EXERCISE:
Please reproduce the listing word for word. Pictures stay out.

DATASET EXTRACT:

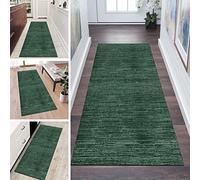 QQrunner Runner Carpet for Kitchen Hallway Dark Green Non Slip 1'6"x8.2' Abstract Washable Home Decor Runners for Kitchen Corridor Living Room Door Mat with Rubber Backing, 40-120cm Width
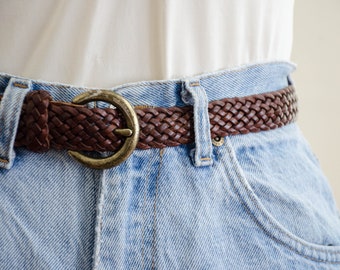 Vintage Womens Colorful Braided Belt with Leather Details Free Shipping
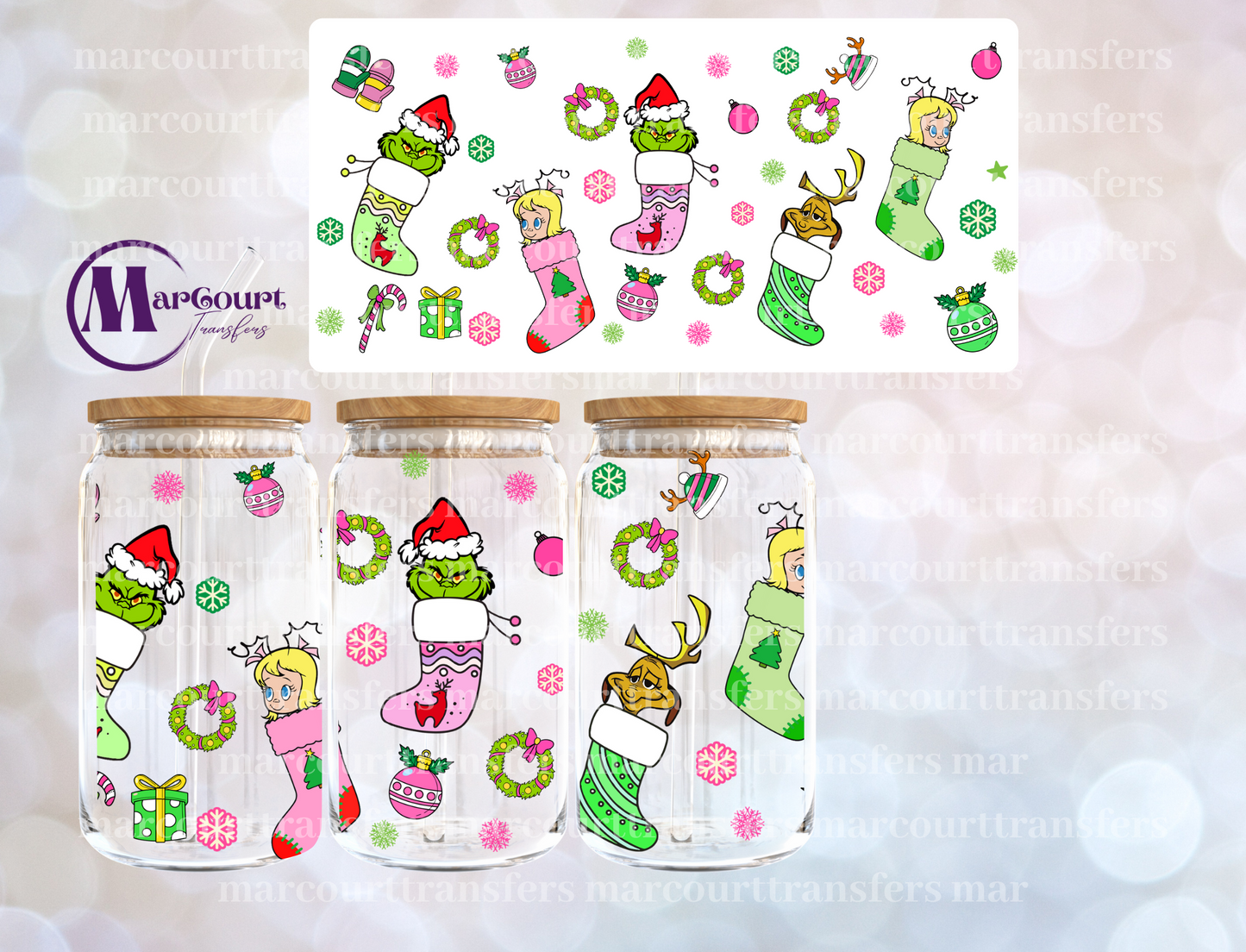 GRINCH STOCKINGS-16 0Z-UV DTF CUP WRAP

ANSWER TO THIS PROBLEM:
 QQrunner Runner Carpet for Kitchen Hallway Dark Green Non Slip 1'6"x8.2' Abstract Washable Home Decor Runners for Kitchen Corridor Living Room Door Mat with Rubber Backing, 40-120cm Width
 Vintage Womens Colorful Braided Belt with Leather Details Free Shipping
 GRINCH STOCKINGS-16 0Z-UV DTF CUP WRAP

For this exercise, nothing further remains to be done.